The smile that had so long flickered over her face like firelight on a wall, now settled into a look of deep content. No murmur ever escaped her lips, not even a sigh; now and then her lips moved as if in prayer, that was all.
And thus she lay waiting for the messenger that should still the little heart into an everlasting rest, and listening for the footfalls that should tell of the coming of her Lord.
After her last look at Benny, she was never seen to open her eyes again, but gradually sank to rest.
So fades a summer's cloud away,
So sinks the gale when storms are o'er,
So gently shuts the eye of day,
So dies a wave along the shore.
Two days after, Joe and Benny went together to the Infirmary. But they were too late: the pure spirit had gone to God, and the little tired feet were for ever at rest.
"Cannot we see her?" said Benny.
"No, you had better not." was the reply.
Benny felt it very keenly that he might not see his little dead sister, and yet it was best.
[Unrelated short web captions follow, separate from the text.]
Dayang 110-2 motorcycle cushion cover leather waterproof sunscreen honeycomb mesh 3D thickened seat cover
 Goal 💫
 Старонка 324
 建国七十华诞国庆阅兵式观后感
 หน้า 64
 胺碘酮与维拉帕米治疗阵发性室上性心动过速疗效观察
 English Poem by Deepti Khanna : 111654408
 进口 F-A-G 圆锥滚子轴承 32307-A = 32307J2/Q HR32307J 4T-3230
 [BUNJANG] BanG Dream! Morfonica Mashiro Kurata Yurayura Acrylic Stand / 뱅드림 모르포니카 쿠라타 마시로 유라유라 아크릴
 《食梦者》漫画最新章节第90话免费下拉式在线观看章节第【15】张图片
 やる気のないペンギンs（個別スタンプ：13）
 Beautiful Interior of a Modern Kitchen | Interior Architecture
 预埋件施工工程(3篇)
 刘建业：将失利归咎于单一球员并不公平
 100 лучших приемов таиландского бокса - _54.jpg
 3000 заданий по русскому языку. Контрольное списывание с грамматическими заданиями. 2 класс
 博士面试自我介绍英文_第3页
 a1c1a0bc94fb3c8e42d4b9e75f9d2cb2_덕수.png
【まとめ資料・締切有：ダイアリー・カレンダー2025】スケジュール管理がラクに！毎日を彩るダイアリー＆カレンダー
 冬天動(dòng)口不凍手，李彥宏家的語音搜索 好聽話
They were told, however, if they would be at the New Cemetery at the east of the town on the following day, they might see her buried, and mark her grave.
It was a cold cheerless afternoon when little Nelly Bates was laid in her grave. There was no pomp or display about that funeral, for she was buried at the public expense. Only two mourners stood by the grave, Benny and Joe, but they were mourners indeed.
Benny went from the grave-side of little Nell to his comer under granny's stairs, and sobbed himself to sleep. And Joe went to his hut to muse on the mercy of God, and to revel in his new-found hope of heaven.